I did my first obstacle course race (OCR) in 2017: a 10km Rough Runner. I had a lot of fun but learned that I was far from fit enough to run at a good pace between the obstacles (especially the hills…).
My next was a Tough Mudder in 2018; I was reminded by a friend 2 days before the event that it was in fact a 10 mile event (not the 10km that I thought I had signed up for) and my reflection again was that, although I really enjoyed it, I still wasn’t anywhere near fit enough for the running… (hardly surprising given my lack of training). This all changed in 2019 when I retired from rugby and took up running instead. Taking part in a 10 mile Tough Mudder again in May 2019 was a different challenge altogether! I was fit enough this time but wasn’t prepared for a freakishly cold day in May to give me the shivers for the rest of the day.
Feeling fitter and stronger than ever I’m looking forward to trying out a Spartan race in late summer of 2020 (when I hope it will be plenty warm). All this is to highlight the different challenges that OCR throws at you. Be it competing in events lacking fitness, or being unprepared for weather, there’s always something to learn and improve upon for future events. This must be why so many now flock to these events every year.
The success of OCR events may arise from the notion that they can appeal to all! They are a challenge for Elite Ellie and CrossFit Chris, whilst still being a fun day out for Beginner Betty and her mates all dressed in tutu’s.
There’s the adrenaline rush that comes from testing yourself on tough obstacles, and the camaraderie of a mass participation event that makes us feel part of a special muddy club. Over the past decade, participation in obstacle course racing (OCR) has exponentially increased; 5.3million participated globally in 2016.

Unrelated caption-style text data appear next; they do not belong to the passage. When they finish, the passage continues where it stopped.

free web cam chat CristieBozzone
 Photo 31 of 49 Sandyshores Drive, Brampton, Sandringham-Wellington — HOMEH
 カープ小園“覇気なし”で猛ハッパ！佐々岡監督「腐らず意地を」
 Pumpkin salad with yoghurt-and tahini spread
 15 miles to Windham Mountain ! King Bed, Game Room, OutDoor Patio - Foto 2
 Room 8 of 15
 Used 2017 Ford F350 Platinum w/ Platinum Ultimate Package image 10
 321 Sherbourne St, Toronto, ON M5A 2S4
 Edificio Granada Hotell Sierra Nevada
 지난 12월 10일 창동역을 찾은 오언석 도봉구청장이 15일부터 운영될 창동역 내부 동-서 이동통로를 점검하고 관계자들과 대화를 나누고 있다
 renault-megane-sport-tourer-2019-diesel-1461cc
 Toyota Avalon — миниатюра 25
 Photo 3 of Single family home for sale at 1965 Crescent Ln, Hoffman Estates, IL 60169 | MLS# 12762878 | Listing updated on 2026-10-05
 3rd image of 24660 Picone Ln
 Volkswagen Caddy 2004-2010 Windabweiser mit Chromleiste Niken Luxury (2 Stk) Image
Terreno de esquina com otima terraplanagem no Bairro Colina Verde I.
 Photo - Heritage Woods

As people search for an enjoyable outdoor activity that challenges both mental and physical toughness, more and more have sought the novelty of OCR. The added incentive is that you can often take part as a team; encouraging friends, work colleagues and even families to brave the madness. Following the development of the International Obstacle Racing Federation, steps are now even being taken for OCR to become an Olympic sport! It is quite clearly not just a fad.
The appeal is obvious, but we should also consider the risks. If we can understand the risk, then it is easier to prepare and therefore mitigate that risk. The diverse nature of OCR events and the environments in which they are held make the injury possibilities varied, and at times severe, especially when compared to a standard road running event. But it seems that it is this very environment that makes OCR such an appealing way to exercise. As far back as the Roman era, stories were told of athletes being put through grueling obstacle courses to prepare them for action. Obstacle courses have long been used for training and fitness testing in the military but only recently has this style of exercise become such a popular leisure activity.
A recent study has found that the injury rate across several different OCR events is between 0.4 and 3.74%. That equates to between 4 – 37 injuries per 1000 participants. This tells us that this is a safe way to exercise overall. Interestingly, there’s no link between the length of a race and the injury incidence suggesting that injury risk reduction strategies are an important part of all OCR events, no matter how long or short. Up to 75% of injuries that present for medical care at an OCR event are musculoskeletal injuries.
Recent evidence taken from team sport injury research suggests that stronger and fitter athletes get injured less. If we apply the same logic to OCR events, then it seems sensible to advise the same approach. As well as reducing injury risk, the other benefit to improved strength and fitness is that performance will be improved too. This may help you run for more of the race or perhaps even to run faster! Or it could be an ability to pull your body weight up a wall or having the power to sprint up a steeper ramp. But if your new to this and are concerned about your strength, there will always be a fellow racer happy to help you on the obstacles. This team spirit across all races is what makes the events so enjoyable.
1. Start training early; progressively build up volume and intensity of both cardiovascular and resistance training based on your baseline fitness
2. Run 1 – 2 times per week (preferably one of the runs should be on a terrain like that of your event, which will likely include hills!)
3. Aim to spend 2 – 3 sessions per week building muscle strength specifically to meet the demands of your event; this should include compound resistance exercises such as:
4. If you’re in pain during training, back off for a few days. If it doesn’t settle, seek medical advice from a professional
5. Optimal sleep (8+ hours) and nutrition are your ultimate recovery strategies, don’t take shortcuts on these!
6. Dress appropriately: gloves (trial these before the event), cover lower legs, wear warm but exercise appropriate clothing (this may include skins)
7. Get a good meal in before the race and start your hydration the day before; urine should be clear by the time of the race (a quick trip to the loo just before the start will no doubt be needed if you get this right…)
Being fitter and stronger should help you enjoy the race and reduce your risk of injury, if you want to train from a plan that’s bespoke to your specific needs then you should consider seeing one of our Strength & Conditioning Coaches.
If you have pain that is getting in the way of training or perhaps even preventing you from competing, then consider seeing one of our Physiotherapists.
One final tip: a post-race massage would go down very well; you will inevitably feel sore after the event (just remember that the soreness is just a reminder that you’ve just done something awesome!).